I've pulled the last of the year's young onions. 
The garden is bare now. The ground is cold, 
brown and old. What is left of the day flames 
in the maples at the corner of my 
eye. I turn, a cardinal vanishes. 
By the cellar door, I wash the onions, 
then drink from the icy metal spigot. 

Once, years back, I walked beside my father 
among the windfall pears. I can't recall 
our words. We may have strolled in silence. But 
I still see him bend that way-left hand braced 
on knee, creaky-to lift and hold to my 
eye a rotten pear. In it, a hornet 
spun crazily, glazed in slow, glistening juice. 

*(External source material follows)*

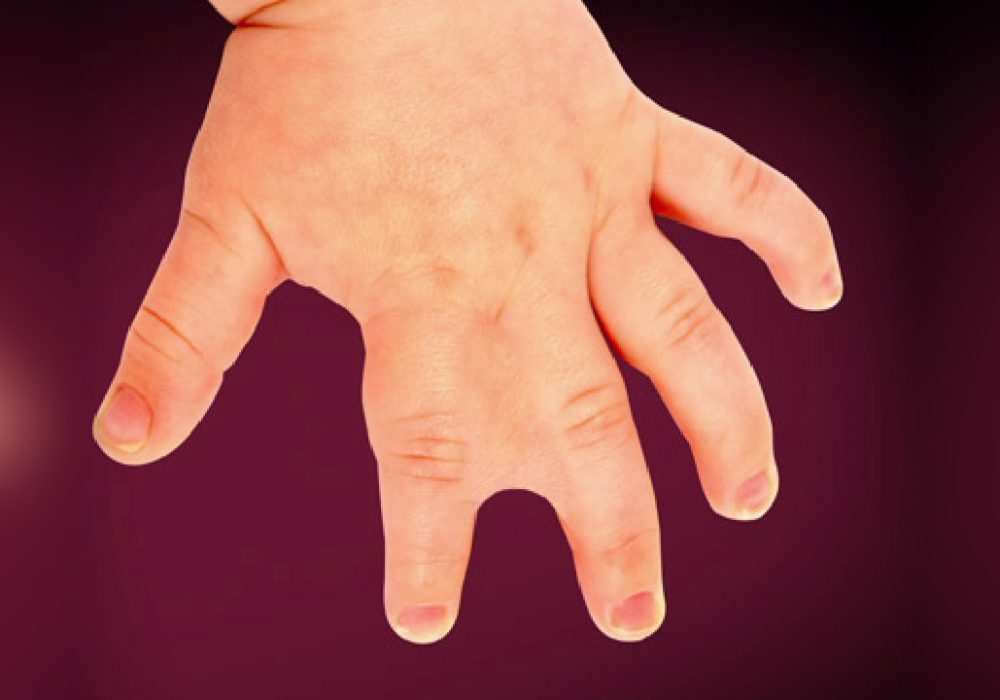Syndactyly (Fused Fingers)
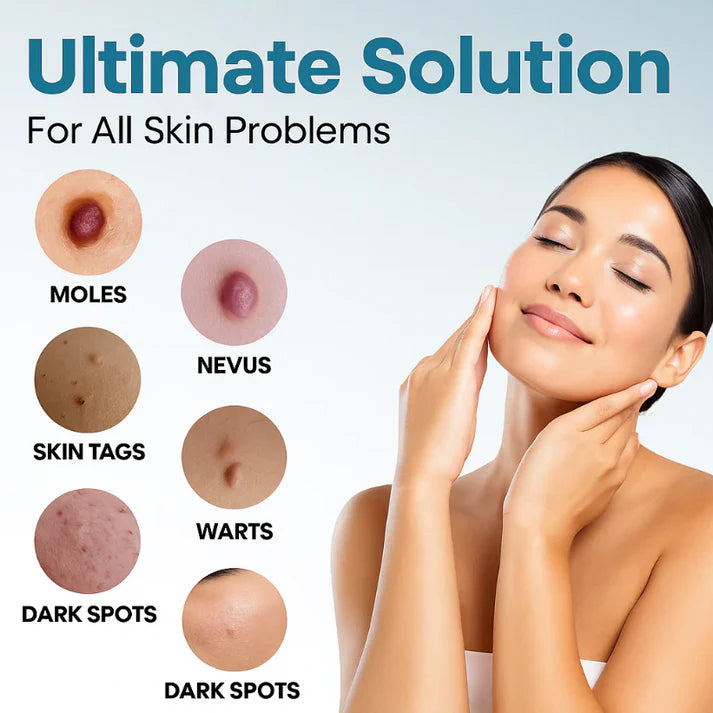 SimpleSigil™Mole & Wart Removal Laser Pen-W18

It was my father I saw this morning 
waving to me from the trees. I almost 
called to him, until I came close enough 
to see the shovel, leaning where I had 
left it, in the flickering, deep green shade. 

White rice steaming, almost done. Sweet green peas 
fried in onions. Shrimp braised in sesame 
oil and garlic. And my own loneliness. 
What more could I, a young man, want.






Li-Young Lee, "Eating Alone" from Rose. Copyright © 1986 by Li-Young Lee. Used with the permission of The Permissions Company, Inc., on behalf of BOA Editions, Ltd., a ahref="http://www.boaeditions.org" target=_blank>boaeditions.org.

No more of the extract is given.